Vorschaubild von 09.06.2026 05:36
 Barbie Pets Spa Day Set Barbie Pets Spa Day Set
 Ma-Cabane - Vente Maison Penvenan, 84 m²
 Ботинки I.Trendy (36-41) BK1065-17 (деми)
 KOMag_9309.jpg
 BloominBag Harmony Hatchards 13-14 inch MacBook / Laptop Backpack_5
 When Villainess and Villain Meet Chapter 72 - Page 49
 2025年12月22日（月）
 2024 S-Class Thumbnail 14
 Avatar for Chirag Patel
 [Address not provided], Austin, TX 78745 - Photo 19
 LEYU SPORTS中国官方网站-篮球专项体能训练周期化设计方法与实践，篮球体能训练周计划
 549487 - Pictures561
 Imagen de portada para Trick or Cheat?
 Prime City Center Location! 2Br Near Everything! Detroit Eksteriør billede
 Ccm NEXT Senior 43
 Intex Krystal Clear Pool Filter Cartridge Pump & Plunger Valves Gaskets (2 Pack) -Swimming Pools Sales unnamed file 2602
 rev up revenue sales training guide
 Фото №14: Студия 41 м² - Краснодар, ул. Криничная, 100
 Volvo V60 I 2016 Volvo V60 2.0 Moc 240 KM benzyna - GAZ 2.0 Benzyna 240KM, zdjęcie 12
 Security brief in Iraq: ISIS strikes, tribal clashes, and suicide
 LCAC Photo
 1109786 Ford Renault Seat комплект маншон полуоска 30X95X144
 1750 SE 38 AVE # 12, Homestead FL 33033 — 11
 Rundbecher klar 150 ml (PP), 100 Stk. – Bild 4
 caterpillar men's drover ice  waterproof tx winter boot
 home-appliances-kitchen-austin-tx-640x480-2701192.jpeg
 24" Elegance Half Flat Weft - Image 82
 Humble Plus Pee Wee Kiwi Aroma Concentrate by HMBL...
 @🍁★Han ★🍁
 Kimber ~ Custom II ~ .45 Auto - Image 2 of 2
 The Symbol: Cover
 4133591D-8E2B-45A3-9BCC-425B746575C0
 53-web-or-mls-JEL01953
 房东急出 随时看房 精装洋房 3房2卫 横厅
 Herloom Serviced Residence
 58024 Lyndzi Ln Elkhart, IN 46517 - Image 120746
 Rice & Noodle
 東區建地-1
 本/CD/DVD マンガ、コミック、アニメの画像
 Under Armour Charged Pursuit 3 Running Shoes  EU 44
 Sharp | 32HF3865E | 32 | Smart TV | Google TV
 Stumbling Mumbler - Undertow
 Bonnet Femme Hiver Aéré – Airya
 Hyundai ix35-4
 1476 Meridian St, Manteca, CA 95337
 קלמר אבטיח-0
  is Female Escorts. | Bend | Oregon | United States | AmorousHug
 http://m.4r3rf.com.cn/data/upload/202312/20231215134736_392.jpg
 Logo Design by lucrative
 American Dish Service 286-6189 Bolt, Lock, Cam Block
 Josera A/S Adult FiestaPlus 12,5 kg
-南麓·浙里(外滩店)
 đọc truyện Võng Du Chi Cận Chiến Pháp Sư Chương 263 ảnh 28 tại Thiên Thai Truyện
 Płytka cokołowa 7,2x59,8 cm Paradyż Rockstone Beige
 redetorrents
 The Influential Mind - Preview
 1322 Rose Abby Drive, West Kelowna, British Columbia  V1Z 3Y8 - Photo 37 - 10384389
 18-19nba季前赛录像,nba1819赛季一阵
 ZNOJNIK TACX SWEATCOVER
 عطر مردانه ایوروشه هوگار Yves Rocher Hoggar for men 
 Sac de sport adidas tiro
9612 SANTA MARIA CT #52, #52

☆ ☆ ☆ ☆ ☆

The required response is a complete, exact copy of the records.

Vorschaubild von 09.06.2026 05:36
 Barbie Pets Spa Day Set Barbie Pets Spa Day Set
 Ma-Cabane - Vente Maison Penvenan, 84 m²
 Ботинки I.Trendy (36-41) BK1065-17 (деми)
 KOMag_9309.jpg
 BloominBag Harmony Hatchards 13-14 inch MacBook / Laptop Backpack_5
 When Villainess and Villain Meet Chapter 72 - Page 49
 2025年12月22日（月）
 2024 S-Class Thumbnail 14
 Avatar for Chirag Patel
 [Address not provided], Austin, TX 78745 - Photo 19
 LEYU SPORTS中国官方网站-篮球专项体能训练周期化设计方法与实践，篮球体能训练周计划
 549487 - Pictures561
 Imagen de portada para Trick or Cheat?
 Prime City Center Location! 2Br Near Everything! Detroit Eksteriør billede
 Ccm NEXT Senior 43
 Intex Krystal Clear Pool Filter Cartridge Pump & Plunger Valves Gaskets (2 Pack) -Swimming Pools Sales unnamed file 2602
 rev up revenue sales training guide
 Фото №14: Студия 41 м² - Краснодар, ул. Криничная, 100
 Volvo V60 I 2016 Volvo V60 2.0 Moc 240 KM benzyna - GAZ 2.0 Benzyna 240KM, zdjęcie 12
 Security brief in Iraq: ISIS strikes, tribal clashes, and suicide
 LCAC Photo
 1109786 Ford Renault Seat комплект маншон полуоска 30X95X144
 1750 SE 38 AVE # 12, Homestead FL 33033 — 11
 Rundbecher klar 150 ml (PP), 100 Stk. – Bild 4
 caterpillar men's drover ice  waterproof tx winter boot
 home-appliances-kitchen-austin-tx-640x480-2701192.jpeg
 24" Elegance Half Flat Weft - Image 82
 Humble Plus Pee Wee Kiwi Aroma Concentrate by HMBL...
 @🍁★Han ★🍁
 Kimber ~ Custom II ~ .45 Auto - Image 2 of 2
 The Symbol: Cover
 4133591D-8E2B-45A3-9BCC-425B746575C0
 53-web-or-mls-JEL01953
 房东急出 随时看房 精装洋房 3房2卫 横厅
 Herloom Serviced Residence
 58024 Lyndzi Ln Elkhart, IN 46517 - Image 120746
 Rice & Noodle
 東區建地-1
 本/CD/DVD マンガ、コミック、アニメの画像
 Under Armour Charged Pursuit 3 Running Shoes  EU 44
 Sharp | 32HF3865E | 32 | Smart TV | Google TV
 Stumbling Mumbler - Undertow
 Bonnet Femme Hiver Aéré – Airya
 Hyundai ix35-4
 1476 Meridian St, Manteca, CA 95337
 קלמר אבטיח-0
  is Female Escorts. | Bend | Oregon | United States | AmorousHug
 http://m.4r3rf.com.cn/data/upload/202312/20231215134736_392.jpg
 Logo Design by lucrative
 American Dish Service 286-6189 Bolt, Lock, Cam Block
 Josera A/S Adult FiestaPlus 12,5 kg
-南麓·浙里(外滩店)
 đọc truyện Võng Du Chi Cận Chiến Pháp Sư Chương 263 ảnh 28 tại Thiên Thai Truyện
 Płytka cokołowa 7,2x59,8 cm Paradyż Rockstone Beige
 redetorrents
 The Influential Mind - Preview
 1322 Rose Abby Drive, West Kelowna, British Columbia  V1Z 3Y8 - Photo 37 - 10384389
 18-19nba季前赛录像,nba1819赛季一阵
 ZNOJNIK TACX SWEATCOVER
 عطر مردانه ایوروشه هوگار Yves Rocher Hoggar for men 
 Sac de sport adidas tiro
9612 SANTA MARIA CT #52, #52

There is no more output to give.